Jeremy Irons - aktor z "Misją"

19 września 2023 75. urodziny obchodzi aktor nietuzinkowy, w niektórych rolach wręcz hipnotyzujący - Jeremy Irons. Zasłynął rolą Ojca Gabriela w słynnej "Misji" (1986 rok) w reżyserii Rolanda Joffé, gdzie razem z Robertem De Niro stworzyli genialny duet bohaterów. Cztery lata później został laureatem Oscara dla najlepszego aktora za rolę barona von Bülowa w dramacie "Druga prawda" ("Reversal of Fortune") w reżyserii Barbeta Schroedera - w Polsce ten film emitowany był również pod tytułami: "Odmiana losu" i "Apelacja", a partnerowała mu w nim słynna Glenn Close.

2023-09-19, 05:33

Jeremy Irons - aktor z "Misją"
Jeremy Irons. Foto: Piotr Bernas / Forum

Rok później zagrał samego Franza Kafkę w swobodnej adaptacji "Procesu" i innych dzieł tego pisarza, a film nosił właśnie tytuł "Kafka" i był dziełem Stevena Soderbergha. Tych wybitnych filmów z Ironsem można mnożyć dodając plejadę gwiazd, z którymi odgrywał głównych bohaterów. 
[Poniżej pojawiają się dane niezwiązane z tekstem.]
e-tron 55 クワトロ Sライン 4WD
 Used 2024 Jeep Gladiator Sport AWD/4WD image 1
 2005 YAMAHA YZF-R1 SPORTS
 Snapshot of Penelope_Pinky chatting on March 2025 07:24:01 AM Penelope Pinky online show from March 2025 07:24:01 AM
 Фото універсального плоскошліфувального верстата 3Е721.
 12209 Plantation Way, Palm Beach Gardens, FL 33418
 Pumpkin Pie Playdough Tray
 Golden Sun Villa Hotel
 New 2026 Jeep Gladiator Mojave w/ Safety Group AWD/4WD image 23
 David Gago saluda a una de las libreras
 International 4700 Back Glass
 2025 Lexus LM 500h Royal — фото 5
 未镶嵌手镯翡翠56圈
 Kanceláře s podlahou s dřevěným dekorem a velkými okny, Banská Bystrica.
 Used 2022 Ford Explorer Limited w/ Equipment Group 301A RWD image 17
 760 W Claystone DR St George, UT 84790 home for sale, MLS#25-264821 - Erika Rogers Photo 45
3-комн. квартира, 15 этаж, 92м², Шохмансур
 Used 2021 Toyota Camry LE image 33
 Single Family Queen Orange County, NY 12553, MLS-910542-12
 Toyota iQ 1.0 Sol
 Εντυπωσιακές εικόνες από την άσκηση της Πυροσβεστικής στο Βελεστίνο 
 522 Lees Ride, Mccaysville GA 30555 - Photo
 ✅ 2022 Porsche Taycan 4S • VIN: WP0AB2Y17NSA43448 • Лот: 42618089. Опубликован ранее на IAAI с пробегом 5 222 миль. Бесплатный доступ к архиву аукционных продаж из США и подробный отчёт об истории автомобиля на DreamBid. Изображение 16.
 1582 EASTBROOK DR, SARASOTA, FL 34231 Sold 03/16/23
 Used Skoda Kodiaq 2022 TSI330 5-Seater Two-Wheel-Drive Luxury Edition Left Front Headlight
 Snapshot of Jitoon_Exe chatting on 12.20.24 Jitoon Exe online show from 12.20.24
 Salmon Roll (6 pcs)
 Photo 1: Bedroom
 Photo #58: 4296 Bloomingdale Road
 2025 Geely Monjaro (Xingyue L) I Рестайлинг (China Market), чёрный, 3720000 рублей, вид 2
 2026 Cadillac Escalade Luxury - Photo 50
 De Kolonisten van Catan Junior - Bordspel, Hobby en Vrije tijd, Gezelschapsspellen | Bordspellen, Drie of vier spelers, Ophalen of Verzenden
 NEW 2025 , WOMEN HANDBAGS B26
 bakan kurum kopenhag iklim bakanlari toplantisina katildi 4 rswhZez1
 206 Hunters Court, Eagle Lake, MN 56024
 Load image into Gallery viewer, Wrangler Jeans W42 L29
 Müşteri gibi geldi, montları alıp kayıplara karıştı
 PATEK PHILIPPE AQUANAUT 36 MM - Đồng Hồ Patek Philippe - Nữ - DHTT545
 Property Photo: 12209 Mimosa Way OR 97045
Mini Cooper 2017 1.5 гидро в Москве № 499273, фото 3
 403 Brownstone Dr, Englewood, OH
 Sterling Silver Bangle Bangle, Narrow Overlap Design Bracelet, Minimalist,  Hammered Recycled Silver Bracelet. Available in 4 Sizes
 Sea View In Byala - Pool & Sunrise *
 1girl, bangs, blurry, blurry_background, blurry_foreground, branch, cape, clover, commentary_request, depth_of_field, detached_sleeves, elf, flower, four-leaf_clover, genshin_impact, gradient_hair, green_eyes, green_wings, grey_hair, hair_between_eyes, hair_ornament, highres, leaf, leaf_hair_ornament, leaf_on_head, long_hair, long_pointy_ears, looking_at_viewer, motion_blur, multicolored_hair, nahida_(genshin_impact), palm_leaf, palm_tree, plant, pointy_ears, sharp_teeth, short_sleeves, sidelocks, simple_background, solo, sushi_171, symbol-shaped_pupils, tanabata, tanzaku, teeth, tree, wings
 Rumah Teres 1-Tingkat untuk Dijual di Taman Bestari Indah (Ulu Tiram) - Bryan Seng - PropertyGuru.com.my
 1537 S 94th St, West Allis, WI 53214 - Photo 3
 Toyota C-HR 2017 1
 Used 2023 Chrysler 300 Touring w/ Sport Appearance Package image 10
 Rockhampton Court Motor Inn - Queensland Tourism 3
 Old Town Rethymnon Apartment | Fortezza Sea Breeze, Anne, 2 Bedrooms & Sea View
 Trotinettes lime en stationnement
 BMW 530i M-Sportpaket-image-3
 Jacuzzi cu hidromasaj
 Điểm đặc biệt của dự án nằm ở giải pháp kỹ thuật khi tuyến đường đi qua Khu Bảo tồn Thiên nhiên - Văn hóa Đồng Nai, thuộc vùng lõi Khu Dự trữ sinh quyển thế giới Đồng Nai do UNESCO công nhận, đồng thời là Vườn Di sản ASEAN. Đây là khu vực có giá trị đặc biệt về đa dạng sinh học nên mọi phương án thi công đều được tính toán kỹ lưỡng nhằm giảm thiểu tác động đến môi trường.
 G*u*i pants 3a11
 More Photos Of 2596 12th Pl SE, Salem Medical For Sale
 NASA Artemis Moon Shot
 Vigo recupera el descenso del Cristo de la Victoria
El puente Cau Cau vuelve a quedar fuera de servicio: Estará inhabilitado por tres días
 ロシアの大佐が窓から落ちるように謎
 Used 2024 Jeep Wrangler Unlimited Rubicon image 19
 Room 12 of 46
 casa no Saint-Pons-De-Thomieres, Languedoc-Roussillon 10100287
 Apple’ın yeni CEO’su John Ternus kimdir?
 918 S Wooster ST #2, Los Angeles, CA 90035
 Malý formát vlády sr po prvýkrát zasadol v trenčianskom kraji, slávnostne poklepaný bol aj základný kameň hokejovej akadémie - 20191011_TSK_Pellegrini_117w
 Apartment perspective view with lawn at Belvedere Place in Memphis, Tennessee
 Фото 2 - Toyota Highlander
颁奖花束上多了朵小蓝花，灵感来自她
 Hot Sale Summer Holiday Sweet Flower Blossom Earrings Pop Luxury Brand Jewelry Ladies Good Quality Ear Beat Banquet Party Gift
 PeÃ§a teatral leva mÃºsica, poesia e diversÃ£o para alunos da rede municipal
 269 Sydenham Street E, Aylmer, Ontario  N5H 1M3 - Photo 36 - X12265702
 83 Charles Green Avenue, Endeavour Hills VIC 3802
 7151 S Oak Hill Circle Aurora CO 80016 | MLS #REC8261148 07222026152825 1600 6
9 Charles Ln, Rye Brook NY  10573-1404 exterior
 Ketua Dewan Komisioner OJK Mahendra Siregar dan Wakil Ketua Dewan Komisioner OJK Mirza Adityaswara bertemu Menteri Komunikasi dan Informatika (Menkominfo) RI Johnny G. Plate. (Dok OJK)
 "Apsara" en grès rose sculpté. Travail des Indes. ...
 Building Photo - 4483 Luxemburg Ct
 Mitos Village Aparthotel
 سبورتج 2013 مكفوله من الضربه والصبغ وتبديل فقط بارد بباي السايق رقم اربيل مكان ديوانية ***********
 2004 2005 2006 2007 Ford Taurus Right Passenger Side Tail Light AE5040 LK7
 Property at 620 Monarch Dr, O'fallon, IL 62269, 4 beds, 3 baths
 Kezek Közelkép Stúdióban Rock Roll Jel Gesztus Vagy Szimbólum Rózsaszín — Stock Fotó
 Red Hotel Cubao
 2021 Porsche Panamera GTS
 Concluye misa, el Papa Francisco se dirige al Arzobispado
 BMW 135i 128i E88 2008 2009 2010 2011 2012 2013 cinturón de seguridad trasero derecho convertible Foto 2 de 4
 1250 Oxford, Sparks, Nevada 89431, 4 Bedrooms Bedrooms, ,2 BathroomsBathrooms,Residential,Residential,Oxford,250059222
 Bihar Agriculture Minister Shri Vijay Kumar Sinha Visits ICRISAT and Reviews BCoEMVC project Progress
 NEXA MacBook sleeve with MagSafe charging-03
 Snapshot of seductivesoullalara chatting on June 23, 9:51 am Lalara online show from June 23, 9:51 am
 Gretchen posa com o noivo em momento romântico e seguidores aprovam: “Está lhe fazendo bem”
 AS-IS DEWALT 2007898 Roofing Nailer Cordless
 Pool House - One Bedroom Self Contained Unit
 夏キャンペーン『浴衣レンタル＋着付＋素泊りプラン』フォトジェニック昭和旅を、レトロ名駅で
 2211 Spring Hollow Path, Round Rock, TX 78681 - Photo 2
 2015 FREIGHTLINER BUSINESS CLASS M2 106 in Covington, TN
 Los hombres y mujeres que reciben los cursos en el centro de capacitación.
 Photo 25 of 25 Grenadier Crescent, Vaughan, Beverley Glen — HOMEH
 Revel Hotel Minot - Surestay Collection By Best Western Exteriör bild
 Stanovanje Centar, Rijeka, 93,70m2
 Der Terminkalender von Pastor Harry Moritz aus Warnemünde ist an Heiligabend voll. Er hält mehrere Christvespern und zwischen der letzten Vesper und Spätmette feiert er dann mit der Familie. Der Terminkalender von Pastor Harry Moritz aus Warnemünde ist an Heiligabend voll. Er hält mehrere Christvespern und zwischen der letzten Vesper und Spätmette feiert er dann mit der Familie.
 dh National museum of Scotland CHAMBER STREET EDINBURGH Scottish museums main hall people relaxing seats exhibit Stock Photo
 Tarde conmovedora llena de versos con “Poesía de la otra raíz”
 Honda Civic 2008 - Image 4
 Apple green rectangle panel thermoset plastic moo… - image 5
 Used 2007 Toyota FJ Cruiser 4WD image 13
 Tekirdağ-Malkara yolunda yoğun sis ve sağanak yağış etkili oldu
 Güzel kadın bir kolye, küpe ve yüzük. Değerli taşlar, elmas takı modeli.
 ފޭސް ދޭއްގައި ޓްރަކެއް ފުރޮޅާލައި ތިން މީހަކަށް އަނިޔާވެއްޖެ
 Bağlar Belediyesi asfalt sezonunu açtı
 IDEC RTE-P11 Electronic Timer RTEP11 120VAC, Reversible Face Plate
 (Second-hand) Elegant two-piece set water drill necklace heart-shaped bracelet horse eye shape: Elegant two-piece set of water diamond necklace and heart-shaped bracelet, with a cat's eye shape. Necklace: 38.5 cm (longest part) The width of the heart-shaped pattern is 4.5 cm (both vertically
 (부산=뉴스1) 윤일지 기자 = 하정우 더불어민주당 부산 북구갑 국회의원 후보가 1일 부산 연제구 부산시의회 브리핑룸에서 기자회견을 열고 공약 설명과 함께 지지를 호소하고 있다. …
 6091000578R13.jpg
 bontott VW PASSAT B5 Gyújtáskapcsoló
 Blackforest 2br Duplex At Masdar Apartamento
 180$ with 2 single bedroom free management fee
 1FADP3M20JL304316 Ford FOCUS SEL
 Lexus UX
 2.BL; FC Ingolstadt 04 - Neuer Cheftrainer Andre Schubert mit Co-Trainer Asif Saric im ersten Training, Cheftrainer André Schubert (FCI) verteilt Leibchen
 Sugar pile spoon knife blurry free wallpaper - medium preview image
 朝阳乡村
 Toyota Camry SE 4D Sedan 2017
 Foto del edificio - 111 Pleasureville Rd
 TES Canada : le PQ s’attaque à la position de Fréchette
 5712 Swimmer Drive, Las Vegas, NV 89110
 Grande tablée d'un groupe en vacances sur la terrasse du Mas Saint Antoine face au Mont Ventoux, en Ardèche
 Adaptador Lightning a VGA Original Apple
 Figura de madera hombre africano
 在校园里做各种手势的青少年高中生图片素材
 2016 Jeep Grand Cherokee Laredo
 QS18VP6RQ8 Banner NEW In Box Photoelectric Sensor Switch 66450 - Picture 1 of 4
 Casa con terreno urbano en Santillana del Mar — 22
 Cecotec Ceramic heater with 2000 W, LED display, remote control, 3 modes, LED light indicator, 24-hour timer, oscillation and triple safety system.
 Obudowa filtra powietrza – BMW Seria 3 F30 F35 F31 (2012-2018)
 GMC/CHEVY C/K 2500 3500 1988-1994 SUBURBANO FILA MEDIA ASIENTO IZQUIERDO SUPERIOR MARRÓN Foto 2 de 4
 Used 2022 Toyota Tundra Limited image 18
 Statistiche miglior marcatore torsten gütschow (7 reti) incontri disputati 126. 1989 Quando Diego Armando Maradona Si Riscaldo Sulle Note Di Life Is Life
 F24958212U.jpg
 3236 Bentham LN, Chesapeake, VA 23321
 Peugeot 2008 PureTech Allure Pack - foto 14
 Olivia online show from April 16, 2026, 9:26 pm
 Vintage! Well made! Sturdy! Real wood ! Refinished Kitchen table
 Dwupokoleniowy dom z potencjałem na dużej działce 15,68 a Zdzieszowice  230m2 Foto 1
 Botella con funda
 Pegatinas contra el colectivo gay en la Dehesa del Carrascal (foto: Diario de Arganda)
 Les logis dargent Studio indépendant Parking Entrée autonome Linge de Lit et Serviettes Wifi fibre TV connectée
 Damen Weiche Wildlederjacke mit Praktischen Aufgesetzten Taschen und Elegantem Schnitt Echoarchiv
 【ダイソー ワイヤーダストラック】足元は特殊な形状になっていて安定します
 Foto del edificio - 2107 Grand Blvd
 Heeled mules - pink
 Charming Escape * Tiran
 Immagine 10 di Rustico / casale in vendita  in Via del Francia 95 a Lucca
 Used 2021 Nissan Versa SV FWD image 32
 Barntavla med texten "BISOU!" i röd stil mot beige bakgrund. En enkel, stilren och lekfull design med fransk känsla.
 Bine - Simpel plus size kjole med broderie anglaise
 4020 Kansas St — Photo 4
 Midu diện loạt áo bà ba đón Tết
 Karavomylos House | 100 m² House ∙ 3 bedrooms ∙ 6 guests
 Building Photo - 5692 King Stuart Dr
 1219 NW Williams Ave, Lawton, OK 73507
Urodził się 19 września 1948 roku w Cowes, na wyspie Wight, u południowych wybrzeży Wielkiej Brytanii, zaraz poniżej Portsmouth. Po szkole dla chłopców Sherborne School w Dorset skończył Bristol Old Vic Theatre School. Grę aktorską zaczął na scenie swojej szkoły teatralnej. Z miejsca znalazł uznanie jako postać o dość tajemniczym wyrazie twarzy. Od tego czasu zatrudniany był przez liczne sceny brytyjskie, nawet te musicalowe. Jako aktor teatralny był ceniony za profesjonalizm i aparycję na scenie, a magia jego gry podobała się tak bardzo, że w 1984 roku zadebiutował na Broadwayu w Plymouth Theatre w sztuce Toma Stopparda "The Real Thing" ("Prawdziwa/Poważna sprawa"). Sztukę reżyserował znany już wtedy Mike Nichols, a na scenie partnerowali mu Glenn Close, Christine Baranski, Cynthia Nixon i Peter Gallagher. Za tę rolę otrzymał uznaną nagrodę Tony Award i nominację do Drama Desk Award dla najlepszego aktora sezonu.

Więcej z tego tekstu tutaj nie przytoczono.